═══ Data ═══
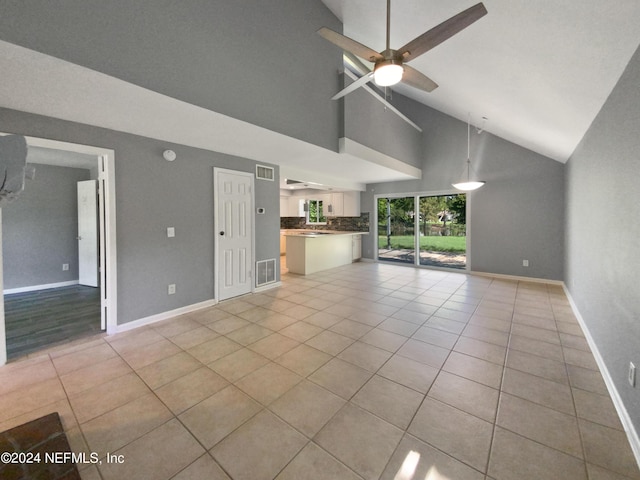 unfurnished living room with high vaulted ceiling, ceiling fan, and light tile patterned floors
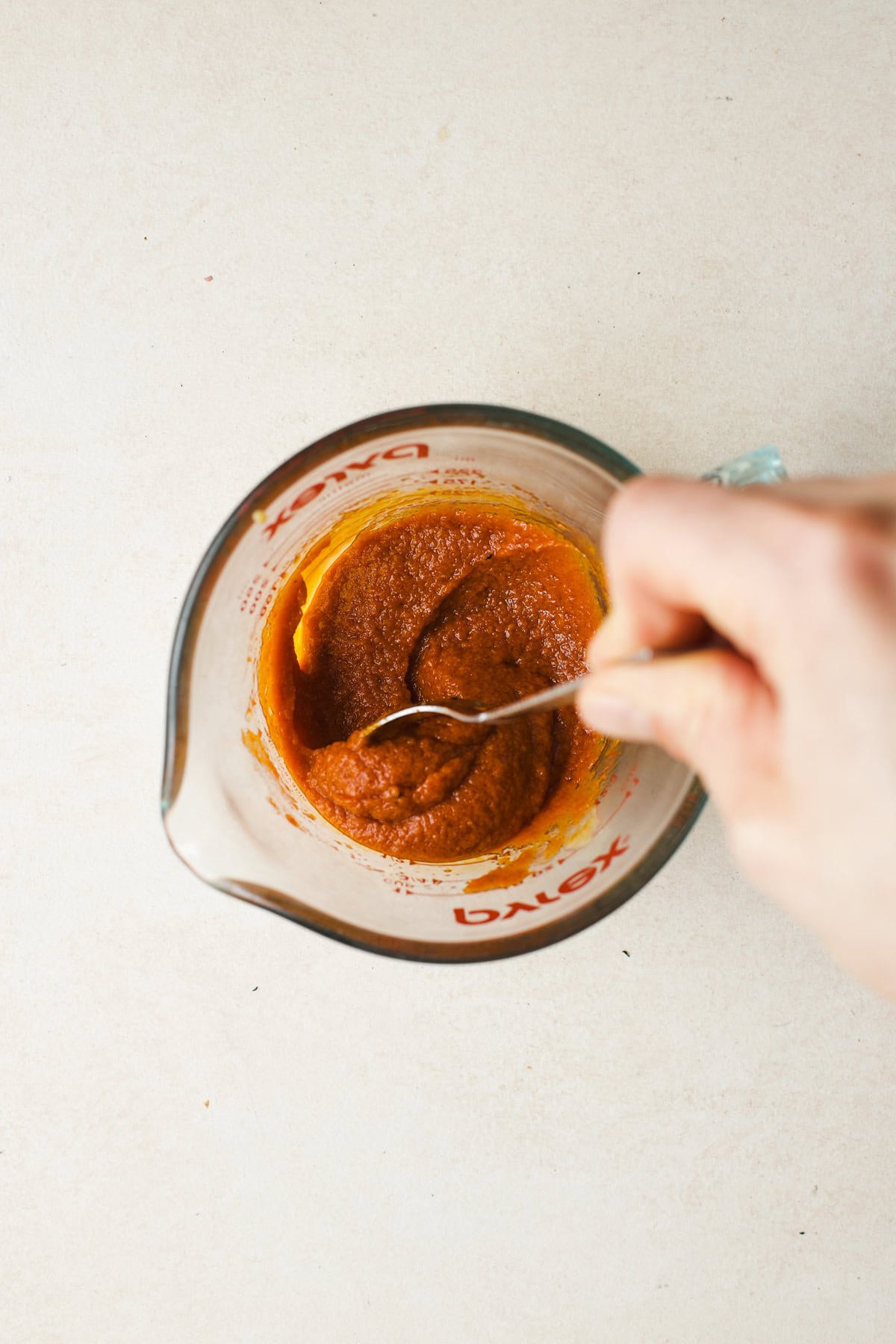 Whisking the miso curry sauce together.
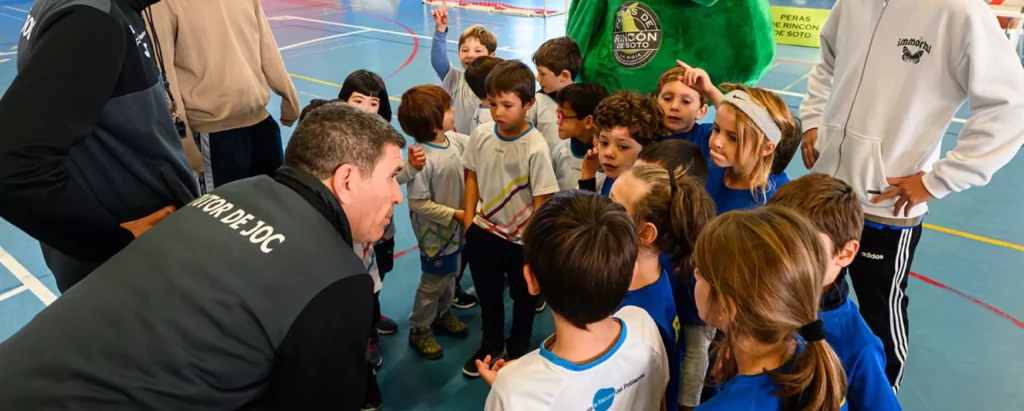 Tutor de joc explicant a un equip escolar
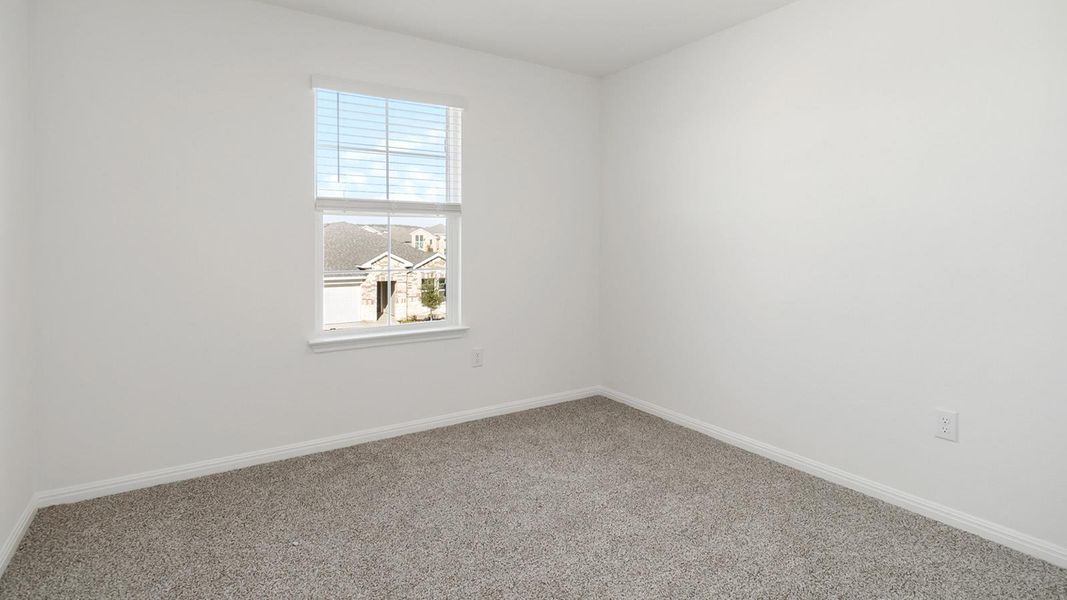 Spacious, unfurnished interior of a new home in Bar W Ranch, Leander (Image 13).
═══
> _Directions for this task_: Starting at the line that holds "Tutor de joc explicant a un equip escolar", repeat every line through the end of the listing exactly as written, skipping any picture.

> _Written reply_:
 Tutor de joc explicant a un equip escolar
 Spacious, unfurnished interior of a new home in Bar W Ranch, Leander (Image 13).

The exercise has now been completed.